◆ Your objective
Once the images are set aside, return every entry exactly.

◆ Supplied material
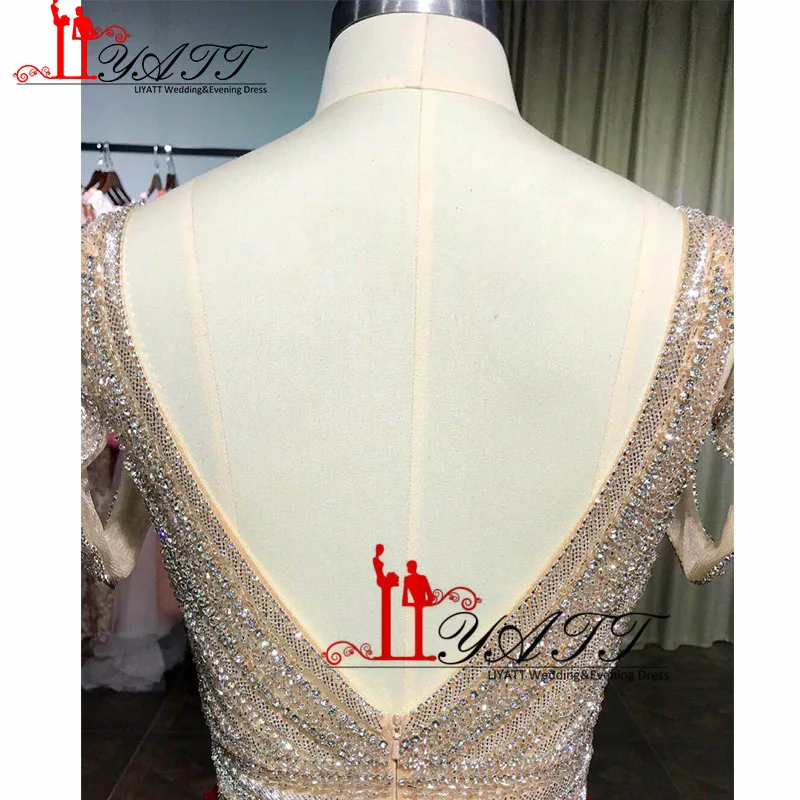 Новинка 2019 красное вино с тяжелыми кристаллами бусинами боковыми рукавами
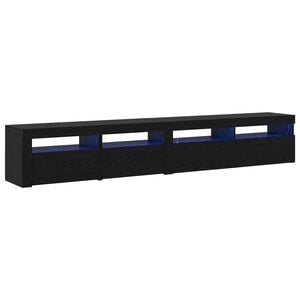vidaXL TV-Schr&auml;nk 2 pcs Schwarz Eichen-Optik 240 x 35 x 40 cm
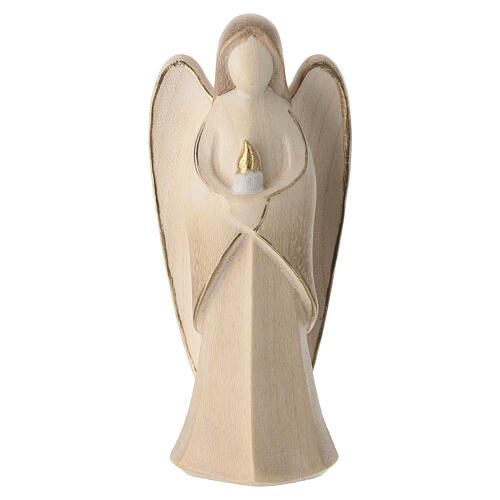 Ángel de la Guarda madera Val Gardena rezando Harmonie coloreado 1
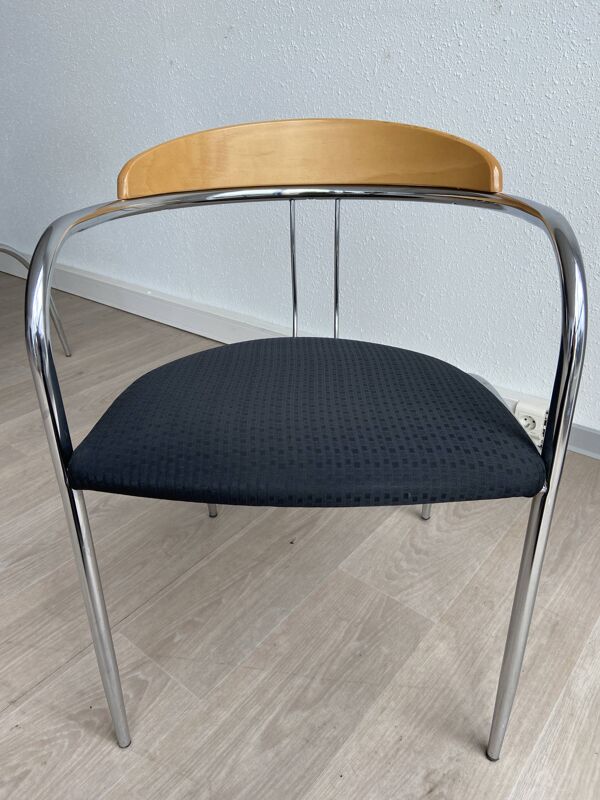 Paire de chaises gondole design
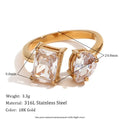 essesx-stainless-steel18k-ring - Viexta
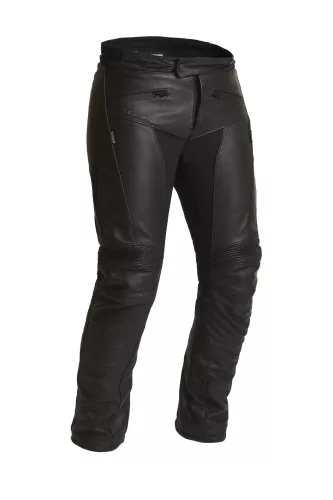 Pantaloni moto piele damă Halvarssons Oxberg negru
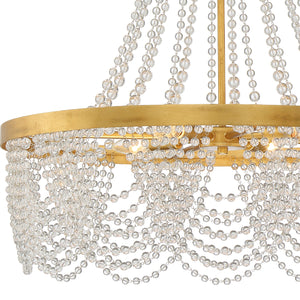 Fioluxe 27'' Four Light Chandelier, Antique Gold Clear - Alternate Product Image 2.jpg
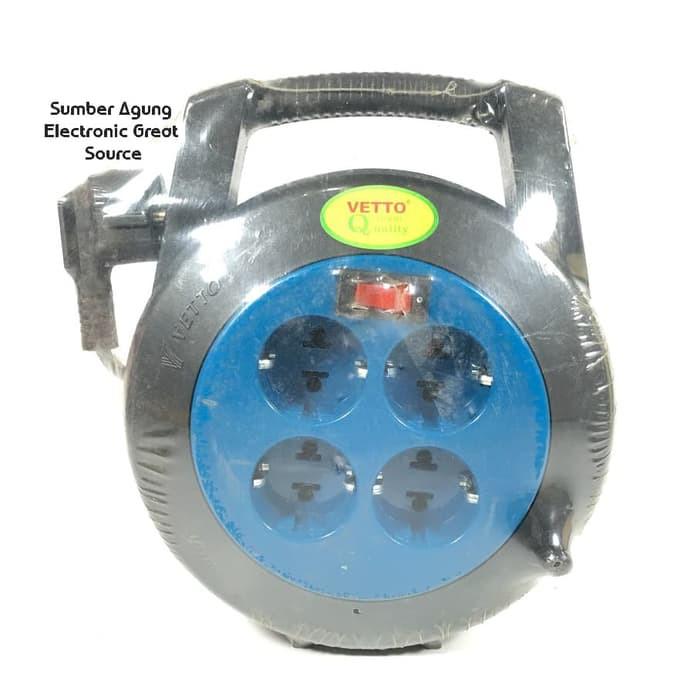 AW* Rol Kabel Box 10M 10 Meter 250V Kabel Tebal Merk Veto Saklar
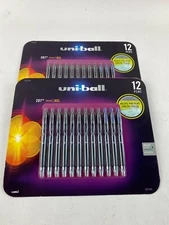 Uni-Ball 207 Gel Pens Retractable 0.7mm Medium-Tip Blue Black Ink, 24 Count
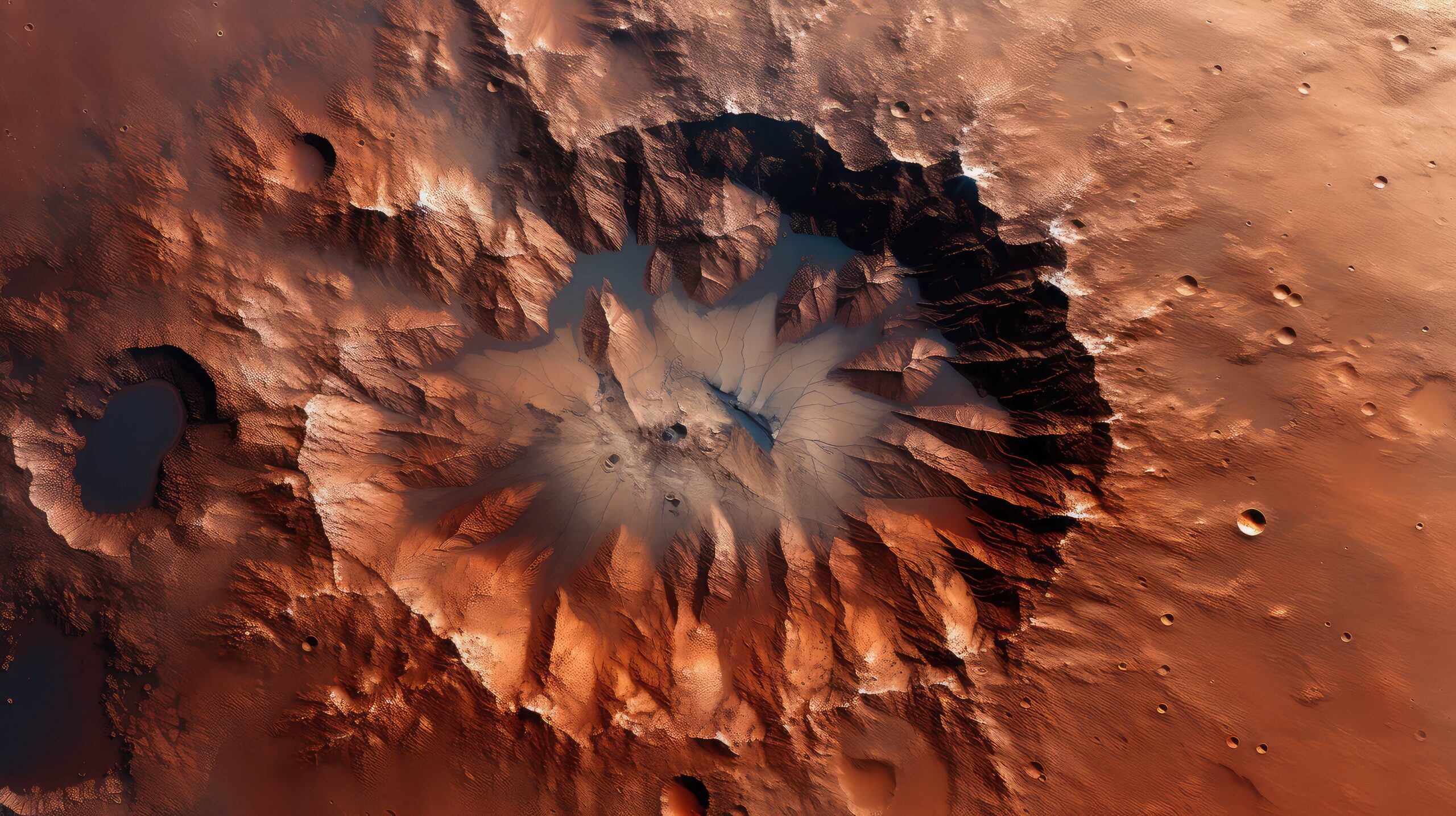 La Terra appare dietro Phobos in una vista incredibile da Marte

◆ Answer to this task
 Новинка 2019 красное вино с тяжелыми кристаллами бусинами боковыми рукавами
vidaXL TV-Schr&auml;nk 2 pcs Schwarz Eichen-Optik 240 x 35 x 40 cm
 Ángel de la Guarda madera Val Gardena rezando Harmonie coloreado 1
 Paire de chaises gondole design
 essesx-stainless-steel18k-ring - Viexta
 Pantaloni moto piele damă Halvarssons Oxberg negru
 Fioluxe 27'' Four Light Chandelier, Antique Gold Clear - Alternate Product Image 2.jpg
 AW* Rol Kabel Box 10M 10 Meter 250V Kabel Tebal Merk Veto Saklar
 Uni-Ball 207 Gel Pens Retractable 0.7mm Medium-Tip Blue Black Ink, 24 Count
 La Terra appare dietro Phobos in una vista incredibile da Marte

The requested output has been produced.